Since 2013, the average number of vendors in attendance each week has risen from the high teens to the mid-20s, yet also in that time more than 100 vendors have come and gone. Some of our “steady Eddies” weighed in about the cyclical nature of farmers markets, and their advice for weathering the long haul.
Studying the cycles
A veteran of multiple farmers markets throughout Greater Houston, Patricia d’Agrella with PEAS Farm said that consumable items make for more consistent sales. “You have to know your products and the cycles of your products,” she said. “For me, October through January is historically the slowest time but they’re strong months for other vendors.” She said vendors have to factor in considerations like customers’ New Year’s resolutions to eat healthier, vacation schedules, school routines and after-school activities.
“I know how much to harvest and how much to take to each market,” d’Agrella said. “That knowledge didn’t happen overnight. Any new market we try, we give it a year so that we can see the cycle of our products at that particular market because each one is unique.”
Chris Kohnke with Pure Texas Honey also recommended new vendors try to stick it out for a full year before deciding whether or not the market is right for them. “It takes at least 12 months for things to be measurable. I’m in this for the long haul and if you don’t go into it thinking that way and you don’t plan for that, you’re not going to make it. There are seasonal cycles to any business and a farmers market is no exception. Have a plan, work the plan and stick to the plan until you have evidence to say otherwise.”
Neither passive nor pushy
Kohnke added that while there are a lot of factors beyond his control, like the weather or bad traffic, “I can control my product mix and how to interact appropriately with my customers and even with people passing by,” he said. “Also, you have to learn how to gauge your customers. Is someone simply stopping to buy honey, are they shopping for gifts, are they searching for something specific, are they budget shopping or are they looking to throw down some serious money?”
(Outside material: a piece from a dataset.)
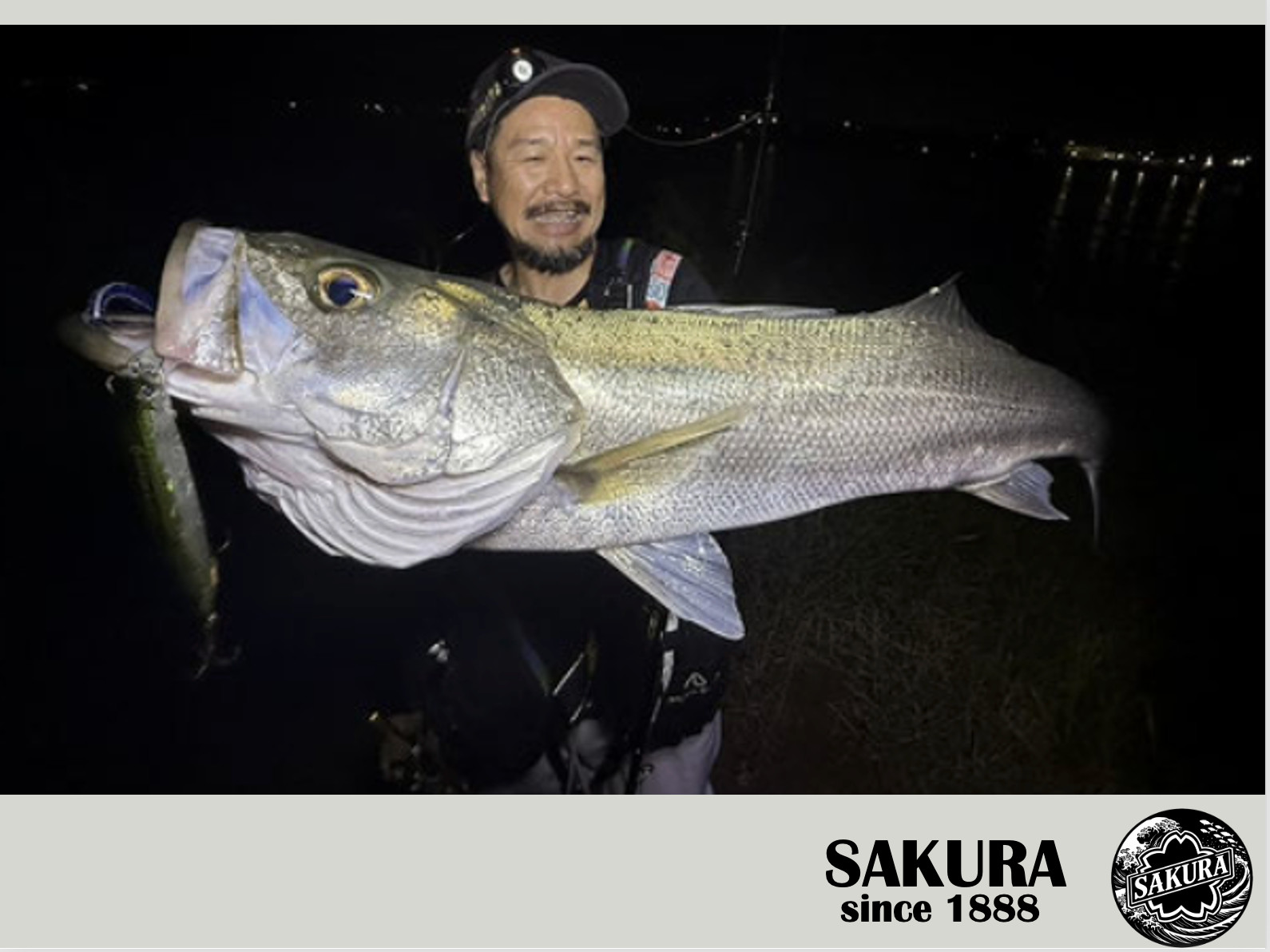 Japanese Spinning Rod Metal Jig Casting All Saltwater Fish 10′ Carbon JDM SAKURA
d’Agrella echoed that customer engagement is essential to long-term success. “You sell from your feet, not your seat,” she said. “You can’t be on your phone. You simply must make eye contact and interact with people passing by. Whether they buy something from you or not, you simply have to engage people. I say hello to everyone who comes by my tent, whether they stop or don’t. You can’t be pushy, but you can’t be passive either.”